> Data shown
###
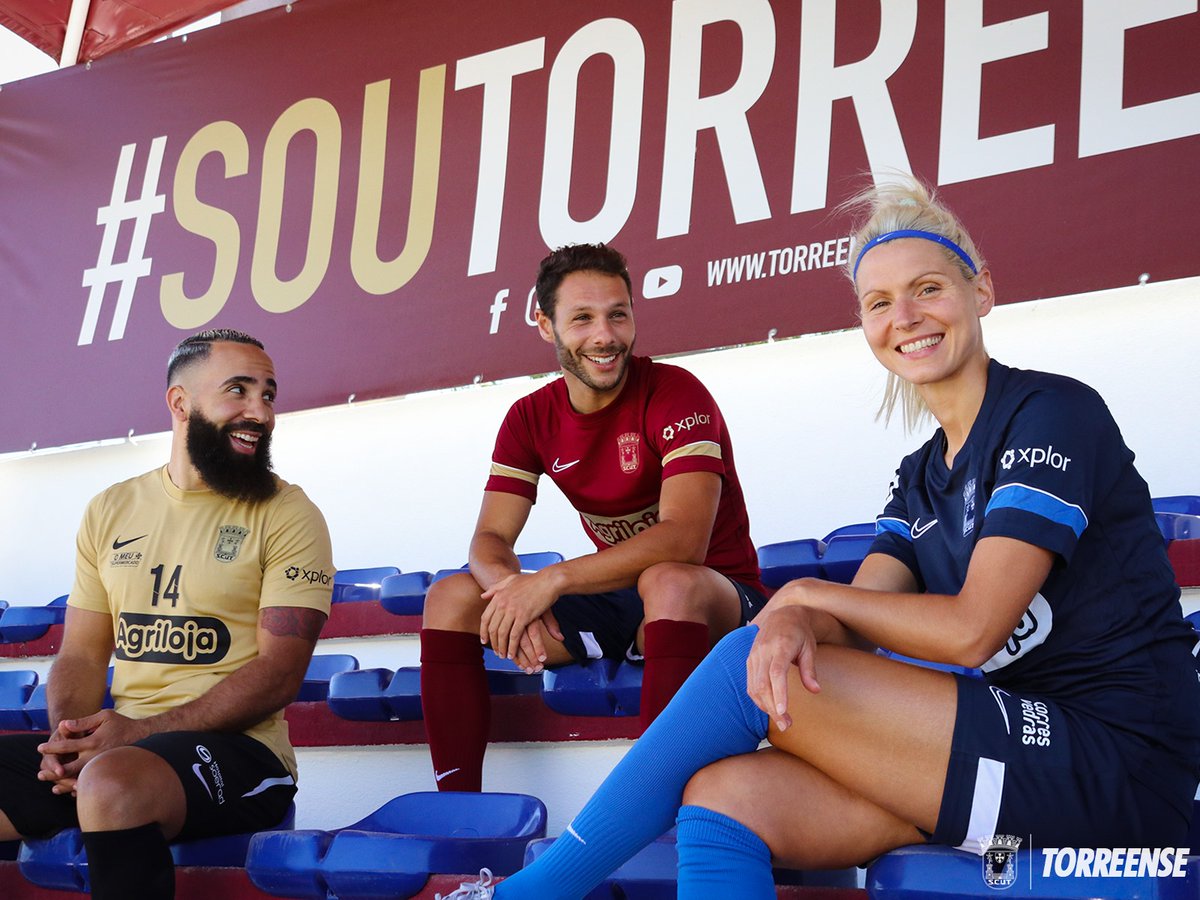 scu_torreense's tweet photo. ð€© Equipamentos do Torreense para a temporada 2021/22.
â¡ Vai a https://t.co/Tb6KxRS8dG e faz a tua encomenda.
âQual a tua camisola preferida?
#torreense #scut #torresvedras #scutfanstore #nike #orgulhodooeste #soutorreense https://t.co/Duvf4l6b0l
###
> Exercise brief
Each line of the data must be transcribed exactly; pictures are not carried over.

> Task response
 scu_torreense's tweet photo. ð€© Equipamentos do Torreense para a temporada 2021/22.
â¡ Vai a https://t.co/Tb6KxRS8dG e faz a tua encomenda.
âQual a tua camisola preferida?
#torreense #scut #torresvedras #scutfanstore #nike #orgulhodooeste #soutorreense https://t.co/Duvf4l6b0l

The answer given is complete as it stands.